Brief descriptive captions
+ + + + + + +

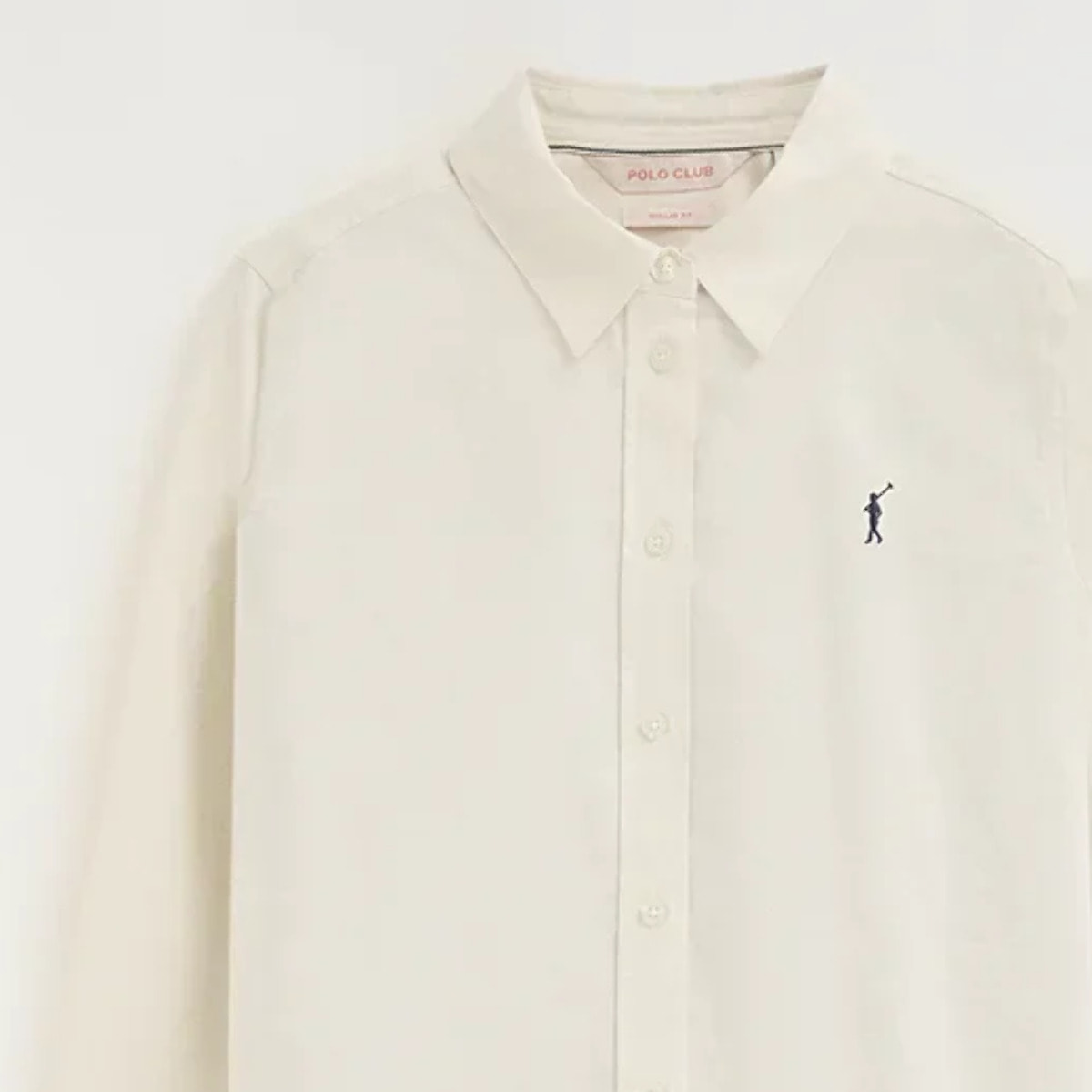 Camicia oxford crema regular fit con ricamo Rigby Go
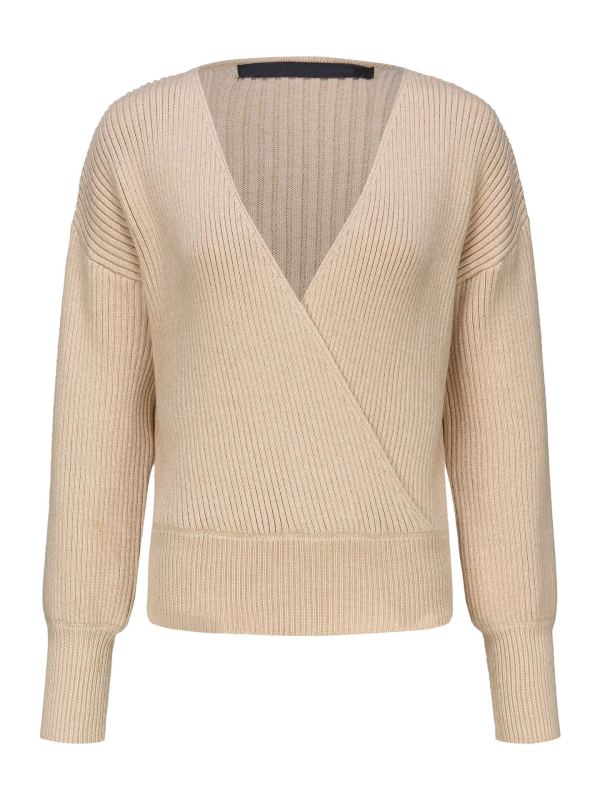 Džemper uskog kroja, V-izrez, dugi rukav, jednobojan, pleteni materijal od viskoze i poliestera.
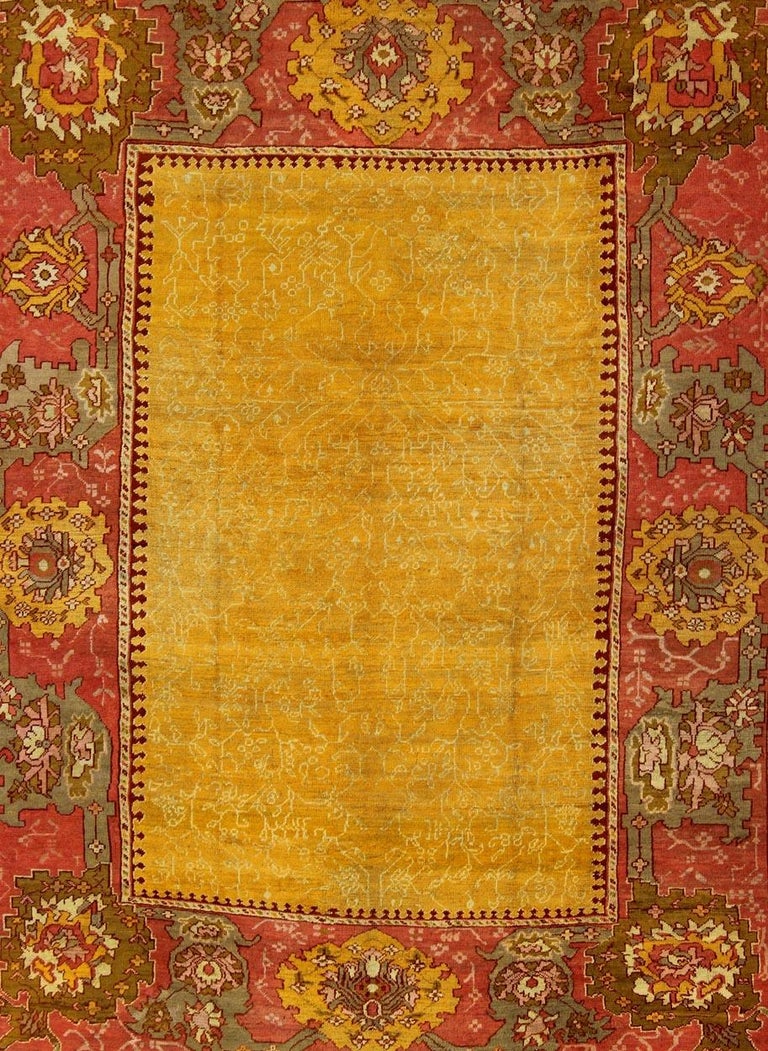 Antique Turkish Oushak Rug in Gold Background with Rose& Green Border ...
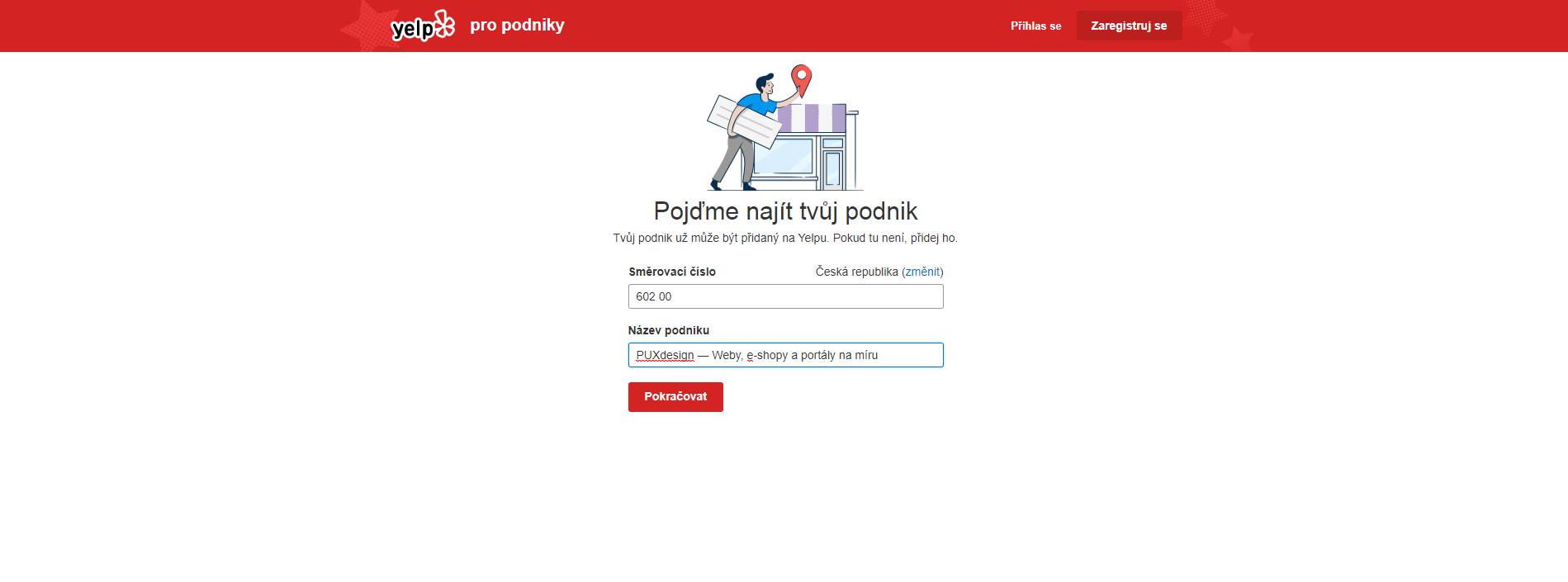 2. Pomocí názvu a adresy nejprve ověřte, že váš podnik už profil na Yelp nemá.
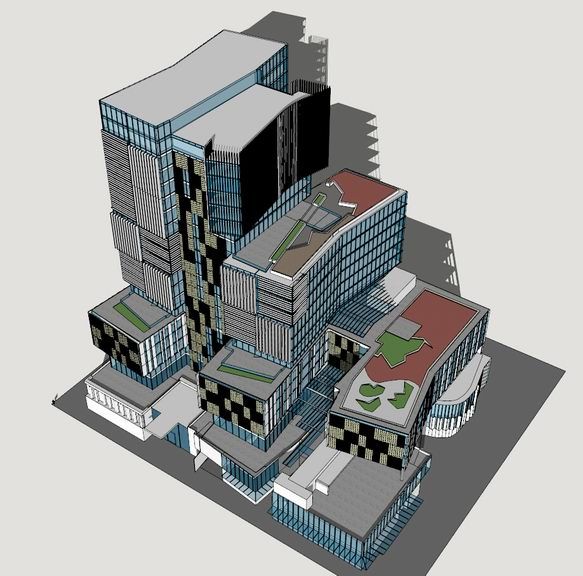 SketchUp Complex Model: Multi-Story High-Rise Mixed-Use Commercial Center in Modern Style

+ + + + + + +

- **The problem**: Exact copies of the lines from the one containing "Antique Turkish Oushak" through the final line of the data are required; pictures are to be omitted.

- **Written response**:
 Antique Turkish Oushak Rug in Gold Background with Rose& Green Border ...
 2. Pomocí názvu a adresy nejprve ověřte, že váš podnik už profil na Yelp nemá.
 SketchUp Complex Model: Multi-Story High-Rise Mixed-Use Commercial Center in Modern Style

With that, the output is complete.